PROBLEM TO SOLVE ▸ Pictures within the data are to be left out; everything else must be reproduced exactly.

DATASET SECTION ▸
───

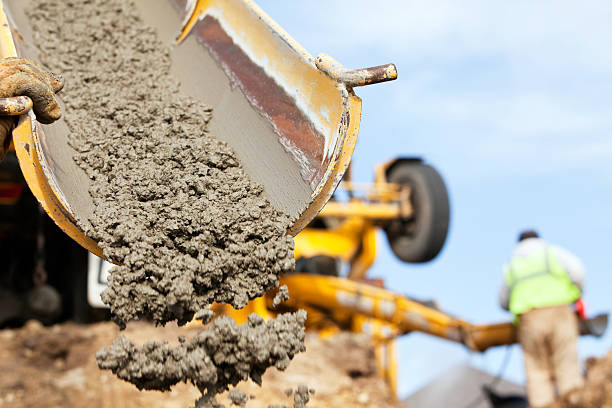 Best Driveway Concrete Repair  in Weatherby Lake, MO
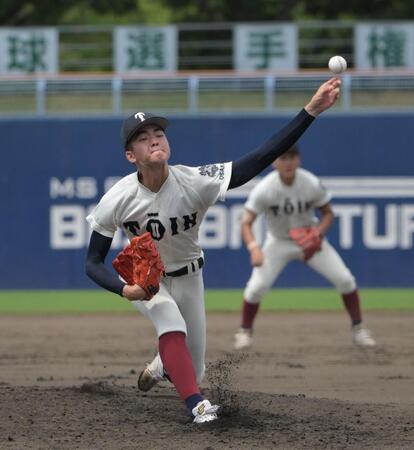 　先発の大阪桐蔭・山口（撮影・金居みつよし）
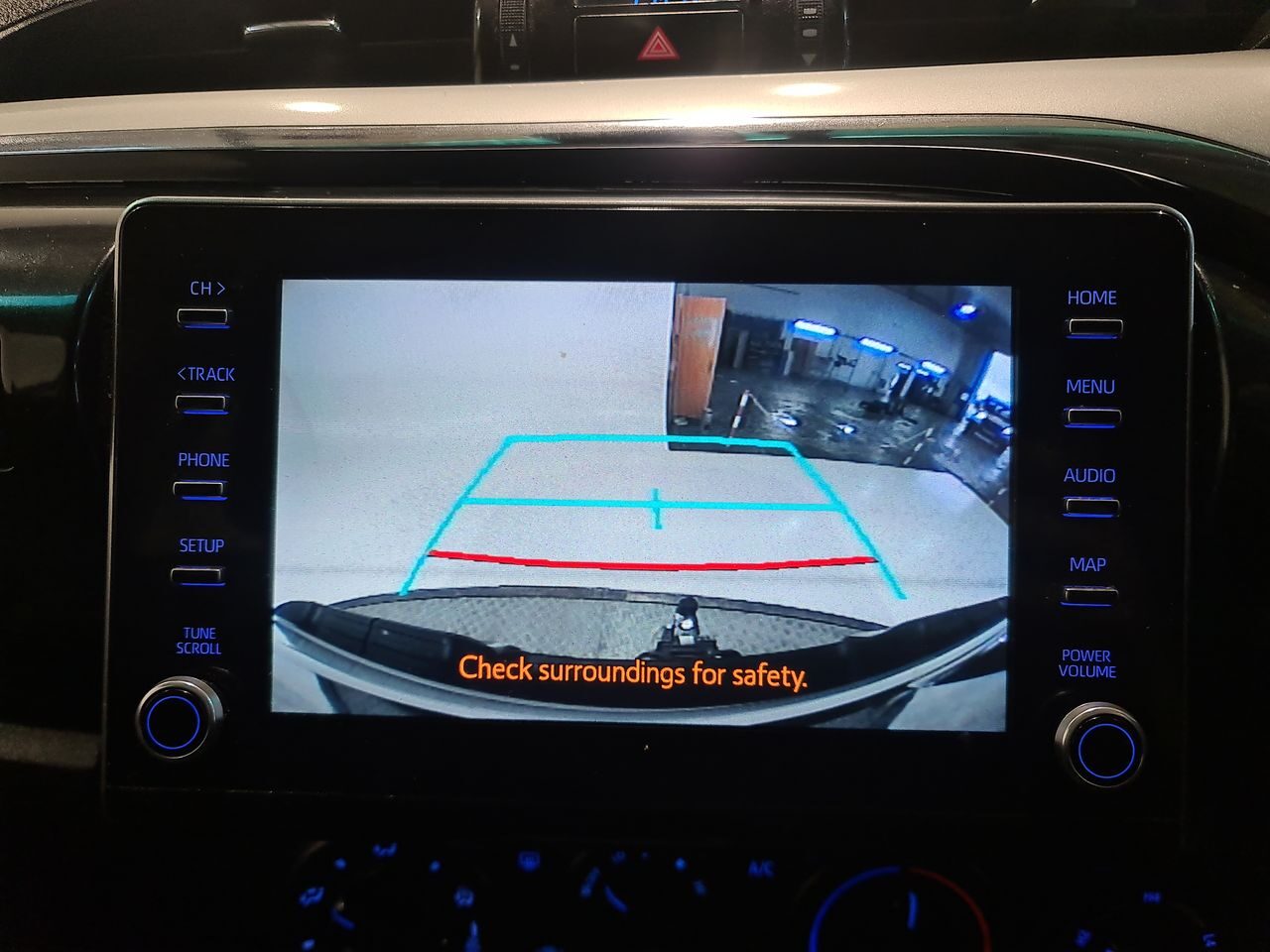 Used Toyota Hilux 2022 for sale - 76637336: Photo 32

───

THE ANSWER ▸
 Best Driveway Concrete Repair  in Weatherby Lake, MO
 　先発の大阪桐蔭・山口（撮影・金居みつよし）
 Used Toyota Hilux 2022 for sale - 76637336: Photo 32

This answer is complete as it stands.